According to Interesting Engineering, conventional EW procedures require the gathering of intelligence before entering an area, and pilots are typically provided with advanced knowledge of potential adversaries they could encounter. This information is then preloaded into the aircraft’s EW system, which then notifies the pilots when it detects threats and automatically protects the aircraft if needed.
However, even though current tracking methods can detect familiar threat signals, they cannot identify unknown threats – and that is where “cognitive electronic warfare” could change the game. To do this, SwRI engineers are working on a more powerful, quicker, and precise tool that is meant to safeguard military personnel and improve their capabilities.
The SwRI engineers are developing this autonomous EW system in two phases: first, they use AI and machine learning processes to extract specific features of threatening radar signals, which are then used in the second phase to group millions of pulses, highlighting signal lethality and vulnerabilities.
One advanced platform the engineers are implementing these feature extraction algorithms on is neuromorphic processing hardware – neuromorphic computing systems use spiking neural networks to emulate how the human brain retains “memories,” making processing faster, more accurate, and more efficient.

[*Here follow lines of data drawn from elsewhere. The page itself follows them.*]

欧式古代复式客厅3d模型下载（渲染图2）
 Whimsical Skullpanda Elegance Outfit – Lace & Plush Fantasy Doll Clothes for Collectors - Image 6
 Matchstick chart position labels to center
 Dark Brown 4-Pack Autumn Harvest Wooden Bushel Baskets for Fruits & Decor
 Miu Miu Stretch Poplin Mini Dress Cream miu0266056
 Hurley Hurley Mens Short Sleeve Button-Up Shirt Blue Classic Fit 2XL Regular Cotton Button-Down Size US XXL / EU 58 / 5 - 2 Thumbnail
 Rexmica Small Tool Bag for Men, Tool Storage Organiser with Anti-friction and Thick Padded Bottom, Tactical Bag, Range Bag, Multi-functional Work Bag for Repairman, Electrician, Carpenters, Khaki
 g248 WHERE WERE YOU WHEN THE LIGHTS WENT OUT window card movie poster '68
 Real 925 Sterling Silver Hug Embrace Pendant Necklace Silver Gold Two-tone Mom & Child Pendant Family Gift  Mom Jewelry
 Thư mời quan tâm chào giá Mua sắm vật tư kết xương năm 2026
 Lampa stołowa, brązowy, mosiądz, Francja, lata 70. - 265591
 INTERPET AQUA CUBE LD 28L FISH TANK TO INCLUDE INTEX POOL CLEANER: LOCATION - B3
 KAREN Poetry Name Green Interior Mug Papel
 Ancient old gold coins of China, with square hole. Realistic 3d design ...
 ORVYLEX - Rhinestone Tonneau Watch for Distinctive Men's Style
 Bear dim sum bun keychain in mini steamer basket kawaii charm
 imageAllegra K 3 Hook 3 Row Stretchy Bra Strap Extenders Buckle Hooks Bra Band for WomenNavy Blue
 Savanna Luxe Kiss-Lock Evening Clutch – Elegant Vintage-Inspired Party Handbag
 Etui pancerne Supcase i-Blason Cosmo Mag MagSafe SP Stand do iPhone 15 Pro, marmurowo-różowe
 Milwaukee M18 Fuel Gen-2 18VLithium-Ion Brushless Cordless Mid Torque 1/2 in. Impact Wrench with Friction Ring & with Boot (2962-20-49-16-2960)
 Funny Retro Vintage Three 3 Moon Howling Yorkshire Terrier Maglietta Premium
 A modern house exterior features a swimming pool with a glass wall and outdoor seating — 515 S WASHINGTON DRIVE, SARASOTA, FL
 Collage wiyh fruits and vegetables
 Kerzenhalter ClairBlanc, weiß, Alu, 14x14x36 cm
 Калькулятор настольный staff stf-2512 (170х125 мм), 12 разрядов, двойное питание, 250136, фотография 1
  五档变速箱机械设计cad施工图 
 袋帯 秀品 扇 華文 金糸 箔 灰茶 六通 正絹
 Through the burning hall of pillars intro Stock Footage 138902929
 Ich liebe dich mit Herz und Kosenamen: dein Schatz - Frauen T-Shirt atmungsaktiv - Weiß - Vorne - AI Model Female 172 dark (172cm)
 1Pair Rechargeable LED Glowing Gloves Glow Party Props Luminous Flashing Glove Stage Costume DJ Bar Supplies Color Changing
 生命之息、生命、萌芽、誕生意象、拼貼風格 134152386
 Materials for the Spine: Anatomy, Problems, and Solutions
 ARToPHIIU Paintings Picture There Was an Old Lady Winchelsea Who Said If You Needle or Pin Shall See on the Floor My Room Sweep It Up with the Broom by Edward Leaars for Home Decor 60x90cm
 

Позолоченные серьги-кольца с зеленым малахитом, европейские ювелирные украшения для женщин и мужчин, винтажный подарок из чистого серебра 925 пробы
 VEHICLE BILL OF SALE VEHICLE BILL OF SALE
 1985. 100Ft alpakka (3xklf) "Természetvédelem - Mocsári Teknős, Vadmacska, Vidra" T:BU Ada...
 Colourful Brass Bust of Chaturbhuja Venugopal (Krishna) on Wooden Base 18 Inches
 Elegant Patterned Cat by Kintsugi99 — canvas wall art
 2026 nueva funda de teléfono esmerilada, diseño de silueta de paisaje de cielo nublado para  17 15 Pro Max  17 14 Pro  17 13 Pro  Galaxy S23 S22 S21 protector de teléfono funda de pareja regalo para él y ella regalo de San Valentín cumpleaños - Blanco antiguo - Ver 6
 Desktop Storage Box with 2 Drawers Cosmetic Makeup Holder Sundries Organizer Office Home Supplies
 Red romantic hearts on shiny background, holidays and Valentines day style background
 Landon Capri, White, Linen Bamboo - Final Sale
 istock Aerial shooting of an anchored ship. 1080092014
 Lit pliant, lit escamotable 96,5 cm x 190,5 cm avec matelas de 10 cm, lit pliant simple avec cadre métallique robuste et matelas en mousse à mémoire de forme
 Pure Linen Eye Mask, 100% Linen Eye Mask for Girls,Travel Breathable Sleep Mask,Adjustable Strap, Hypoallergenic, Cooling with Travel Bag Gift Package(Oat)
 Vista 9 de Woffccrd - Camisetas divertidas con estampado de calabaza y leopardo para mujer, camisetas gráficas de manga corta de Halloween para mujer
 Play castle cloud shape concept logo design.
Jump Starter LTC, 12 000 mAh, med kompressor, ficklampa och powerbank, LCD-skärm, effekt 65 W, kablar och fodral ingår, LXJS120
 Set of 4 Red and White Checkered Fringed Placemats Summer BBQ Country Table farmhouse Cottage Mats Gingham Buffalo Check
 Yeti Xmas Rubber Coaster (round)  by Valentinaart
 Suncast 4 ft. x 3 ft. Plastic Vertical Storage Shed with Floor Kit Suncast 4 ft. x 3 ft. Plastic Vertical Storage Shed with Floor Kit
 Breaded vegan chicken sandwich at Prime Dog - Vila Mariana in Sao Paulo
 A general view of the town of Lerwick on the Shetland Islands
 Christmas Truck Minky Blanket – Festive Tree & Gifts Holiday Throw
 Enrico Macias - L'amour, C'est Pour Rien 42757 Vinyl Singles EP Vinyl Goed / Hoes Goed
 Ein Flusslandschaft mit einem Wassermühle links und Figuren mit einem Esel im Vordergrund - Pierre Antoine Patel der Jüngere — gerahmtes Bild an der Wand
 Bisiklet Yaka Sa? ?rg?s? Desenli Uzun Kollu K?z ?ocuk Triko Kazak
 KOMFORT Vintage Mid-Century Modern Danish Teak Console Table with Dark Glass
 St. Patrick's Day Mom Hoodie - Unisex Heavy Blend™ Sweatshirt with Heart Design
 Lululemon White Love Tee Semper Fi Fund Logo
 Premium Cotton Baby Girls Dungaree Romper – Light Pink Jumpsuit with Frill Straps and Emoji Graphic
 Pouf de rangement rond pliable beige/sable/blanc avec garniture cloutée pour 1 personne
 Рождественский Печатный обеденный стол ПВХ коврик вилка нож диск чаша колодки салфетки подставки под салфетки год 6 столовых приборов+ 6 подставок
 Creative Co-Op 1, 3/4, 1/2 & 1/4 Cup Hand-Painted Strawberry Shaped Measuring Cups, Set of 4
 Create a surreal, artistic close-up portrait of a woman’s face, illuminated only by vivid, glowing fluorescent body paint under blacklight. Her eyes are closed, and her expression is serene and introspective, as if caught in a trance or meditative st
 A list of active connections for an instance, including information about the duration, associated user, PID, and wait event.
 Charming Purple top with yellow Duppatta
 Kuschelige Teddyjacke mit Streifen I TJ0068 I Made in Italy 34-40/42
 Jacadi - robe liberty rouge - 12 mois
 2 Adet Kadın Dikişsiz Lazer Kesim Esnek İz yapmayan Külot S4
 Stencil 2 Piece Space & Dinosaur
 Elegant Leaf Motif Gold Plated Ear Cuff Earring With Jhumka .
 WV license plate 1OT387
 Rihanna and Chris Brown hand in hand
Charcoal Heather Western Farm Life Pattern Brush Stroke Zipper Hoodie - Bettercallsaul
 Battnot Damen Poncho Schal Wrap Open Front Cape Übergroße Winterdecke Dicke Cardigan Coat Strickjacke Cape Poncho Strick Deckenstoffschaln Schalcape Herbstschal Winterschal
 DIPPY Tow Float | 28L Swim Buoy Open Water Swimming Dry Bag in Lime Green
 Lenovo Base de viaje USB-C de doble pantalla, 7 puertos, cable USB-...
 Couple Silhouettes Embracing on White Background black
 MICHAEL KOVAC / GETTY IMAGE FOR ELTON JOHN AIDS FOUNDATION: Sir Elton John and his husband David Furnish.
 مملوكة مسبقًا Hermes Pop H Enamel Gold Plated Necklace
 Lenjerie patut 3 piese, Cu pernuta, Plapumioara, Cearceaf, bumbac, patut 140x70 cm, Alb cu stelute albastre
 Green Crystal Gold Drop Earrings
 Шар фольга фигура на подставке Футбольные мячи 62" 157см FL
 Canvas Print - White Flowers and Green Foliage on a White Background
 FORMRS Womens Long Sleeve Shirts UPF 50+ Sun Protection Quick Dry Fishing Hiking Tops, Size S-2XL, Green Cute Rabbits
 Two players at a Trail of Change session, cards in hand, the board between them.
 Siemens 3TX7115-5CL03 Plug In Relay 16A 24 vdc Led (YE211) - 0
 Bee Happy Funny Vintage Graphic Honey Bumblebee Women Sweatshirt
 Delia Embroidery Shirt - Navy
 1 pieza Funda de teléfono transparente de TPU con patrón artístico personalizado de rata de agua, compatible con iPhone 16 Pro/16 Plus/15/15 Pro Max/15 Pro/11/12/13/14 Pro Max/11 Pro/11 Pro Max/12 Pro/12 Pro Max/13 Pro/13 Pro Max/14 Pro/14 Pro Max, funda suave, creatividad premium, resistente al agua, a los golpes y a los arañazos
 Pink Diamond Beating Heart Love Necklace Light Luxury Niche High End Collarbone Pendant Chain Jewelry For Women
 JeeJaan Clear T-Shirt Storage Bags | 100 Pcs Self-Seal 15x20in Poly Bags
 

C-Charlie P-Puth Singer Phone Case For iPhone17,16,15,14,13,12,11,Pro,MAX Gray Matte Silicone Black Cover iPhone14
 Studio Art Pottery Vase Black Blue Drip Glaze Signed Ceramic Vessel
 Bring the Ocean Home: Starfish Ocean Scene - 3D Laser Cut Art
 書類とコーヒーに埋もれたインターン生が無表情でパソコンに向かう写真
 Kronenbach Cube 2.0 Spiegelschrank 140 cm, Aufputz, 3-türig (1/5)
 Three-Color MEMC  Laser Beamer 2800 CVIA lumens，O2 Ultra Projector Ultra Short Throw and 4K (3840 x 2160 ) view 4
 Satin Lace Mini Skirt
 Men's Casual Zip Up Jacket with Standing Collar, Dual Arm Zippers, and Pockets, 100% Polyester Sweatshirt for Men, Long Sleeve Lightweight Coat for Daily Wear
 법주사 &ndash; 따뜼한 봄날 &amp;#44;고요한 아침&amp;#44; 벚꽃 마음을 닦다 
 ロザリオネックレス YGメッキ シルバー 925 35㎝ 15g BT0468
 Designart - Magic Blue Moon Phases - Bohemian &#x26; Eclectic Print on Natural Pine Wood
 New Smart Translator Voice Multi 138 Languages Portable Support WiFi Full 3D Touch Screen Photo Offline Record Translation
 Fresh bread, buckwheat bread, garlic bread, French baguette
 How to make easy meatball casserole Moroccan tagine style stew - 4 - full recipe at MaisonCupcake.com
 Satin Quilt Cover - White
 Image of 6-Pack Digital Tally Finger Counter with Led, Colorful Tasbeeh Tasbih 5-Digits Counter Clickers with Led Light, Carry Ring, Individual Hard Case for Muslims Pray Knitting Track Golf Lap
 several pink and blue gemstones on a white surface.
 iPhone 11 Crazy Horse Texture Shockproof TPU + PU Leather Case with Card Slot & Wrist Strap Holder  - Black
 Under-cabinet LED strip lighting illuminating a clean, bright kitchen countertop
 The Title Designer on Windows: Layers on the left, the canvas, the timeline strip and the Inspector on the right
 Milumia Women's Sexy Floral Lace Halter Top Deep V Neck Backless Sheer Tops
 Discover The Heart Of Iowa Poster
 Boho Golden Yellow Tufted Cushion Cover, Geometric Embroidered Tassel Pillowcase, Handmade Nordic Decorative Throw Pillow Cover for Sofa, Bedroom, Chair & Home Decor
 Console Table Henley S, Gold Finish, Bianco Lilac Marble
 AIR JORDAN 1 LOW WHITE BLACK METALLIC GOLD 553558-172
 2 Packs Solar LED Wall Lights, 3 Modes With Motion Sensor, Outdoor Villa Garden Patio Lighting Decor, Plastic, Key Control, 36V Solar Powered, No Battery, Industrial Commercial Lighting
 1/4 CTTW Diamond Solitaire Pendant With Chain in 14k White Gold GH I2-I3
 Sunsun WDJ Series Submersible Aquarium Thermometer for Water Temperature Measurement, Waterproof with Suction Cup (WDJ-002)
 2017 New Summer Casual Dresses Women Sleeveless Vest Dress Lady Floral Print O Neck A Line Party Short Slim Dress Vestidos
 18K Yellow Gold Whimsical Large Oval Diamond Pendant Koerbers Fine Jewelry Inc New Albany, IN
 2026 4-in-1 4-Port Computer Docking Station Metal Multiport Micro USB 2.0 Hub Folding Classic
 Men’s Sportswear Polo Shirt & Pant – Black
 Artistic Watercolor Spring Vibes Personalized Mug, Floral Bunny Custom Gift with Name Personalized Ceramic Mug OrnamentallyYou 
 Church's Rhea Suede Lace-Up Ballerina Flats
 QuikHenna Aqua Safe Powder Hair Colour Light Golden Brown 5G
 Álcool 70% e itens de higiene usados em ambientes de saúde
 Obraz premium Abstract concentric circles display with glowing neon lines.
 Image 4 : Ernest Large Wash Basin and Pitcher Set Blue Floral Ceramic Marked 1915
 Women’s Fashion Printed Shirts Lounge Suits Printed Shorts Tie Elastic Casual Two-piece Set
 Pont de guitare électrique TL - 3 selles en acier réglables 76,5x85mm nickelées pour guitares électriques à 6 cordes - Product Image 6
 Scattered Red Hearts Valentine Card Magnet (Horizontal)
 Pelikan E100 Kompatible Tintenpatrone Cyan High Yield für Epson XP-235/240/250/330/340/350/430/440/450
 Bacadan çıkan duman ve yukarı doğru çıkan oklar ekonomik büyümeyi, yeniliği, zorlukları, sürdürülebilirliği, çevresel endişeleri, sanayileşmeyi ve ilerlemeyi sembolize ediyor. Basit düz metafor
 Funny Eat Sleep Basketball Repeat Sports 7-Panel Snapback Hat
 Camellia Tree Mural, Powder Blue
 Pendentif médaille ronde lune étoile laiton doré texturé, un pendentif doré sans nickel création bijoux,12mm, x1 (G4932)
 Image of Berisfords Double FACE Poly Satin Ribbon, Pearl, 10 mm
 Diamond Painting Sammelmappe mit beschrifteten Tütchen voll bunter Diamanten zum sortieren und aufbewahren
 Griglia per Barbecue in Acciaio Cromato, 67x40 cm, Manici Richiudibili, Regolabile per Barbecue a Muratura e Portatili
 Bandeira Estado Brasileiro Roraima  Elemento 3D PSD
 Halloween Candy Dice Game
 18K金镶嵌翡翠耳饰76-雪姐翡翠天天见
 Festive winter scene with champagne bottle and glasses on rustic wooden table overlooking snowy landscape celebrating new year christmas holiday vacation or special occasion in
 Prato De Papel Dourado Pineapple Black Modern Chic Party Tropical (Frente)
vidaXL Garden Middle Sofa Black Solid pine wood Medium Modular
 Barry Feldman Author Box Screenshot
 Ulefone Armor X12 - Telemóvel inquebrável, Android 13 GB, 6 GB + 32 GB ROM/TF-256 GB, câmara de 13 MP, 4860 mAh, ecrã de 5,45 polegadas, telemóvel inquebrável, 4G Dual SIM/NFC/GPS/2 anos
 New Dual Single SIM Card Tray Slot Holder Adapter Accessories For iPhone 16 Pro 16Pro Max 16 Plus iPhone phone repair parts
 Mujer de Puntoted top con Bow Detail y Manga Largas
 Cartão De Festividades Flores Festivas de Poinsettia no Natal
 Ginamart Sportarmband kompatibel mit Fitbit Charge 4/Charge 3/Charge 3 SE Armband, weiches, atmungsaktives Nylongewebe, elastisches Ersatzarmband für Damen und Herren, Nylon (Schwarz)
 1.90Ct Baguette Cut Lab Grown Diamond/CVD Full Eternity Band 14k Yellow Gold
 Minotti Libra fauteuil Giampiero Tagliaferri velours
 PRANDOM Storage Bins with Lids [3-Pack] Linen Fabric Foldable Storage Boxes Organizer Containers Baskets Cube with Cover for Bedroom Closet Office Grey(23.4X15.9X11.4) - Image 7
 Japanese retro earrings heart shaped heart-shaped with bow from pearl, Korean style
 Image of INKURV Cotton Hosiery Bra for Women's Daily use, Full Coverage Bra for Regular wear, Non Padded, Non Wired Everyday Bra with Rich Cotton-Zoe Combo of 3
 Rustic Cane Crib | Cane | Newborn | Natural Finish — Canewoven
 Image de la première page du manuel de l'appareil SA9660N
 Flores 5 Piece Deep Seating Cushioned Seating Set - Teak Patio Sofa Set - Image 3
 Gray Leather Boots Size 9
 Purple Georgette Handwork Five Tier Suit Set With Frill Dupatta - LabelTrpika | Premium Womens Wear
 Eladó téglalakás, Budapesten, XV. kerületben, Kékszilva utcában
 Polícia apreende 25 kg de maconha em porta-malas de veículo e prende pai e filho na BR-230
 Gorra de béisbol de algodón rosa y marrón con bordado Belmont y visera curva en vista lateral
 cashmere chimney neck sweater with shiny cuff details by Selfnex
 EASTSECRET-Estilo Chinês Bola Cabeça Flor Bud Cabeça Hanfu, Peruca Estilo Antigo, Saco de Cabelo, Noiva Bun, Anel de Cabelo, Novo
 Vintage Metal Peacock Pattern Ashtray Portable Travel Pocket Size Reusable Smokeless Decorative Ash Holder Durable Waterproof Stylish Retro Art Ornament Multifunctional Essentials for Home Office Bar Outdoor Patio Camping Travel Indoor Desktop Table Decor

Dr. Steven Harbour, who is leading the development of neuromorphic systems, said that they are “working to provide the Air Force with efficient and resilient cognitive EW solutions.”
“We are implementing neuromorphics in hardware to be used for the first time in an operational combat environment. It puts us well ahead of our adversaries. To the best of our knowledge, we are the first in the world to do this,” he concluded.
This information was provided by Interesting Engineering.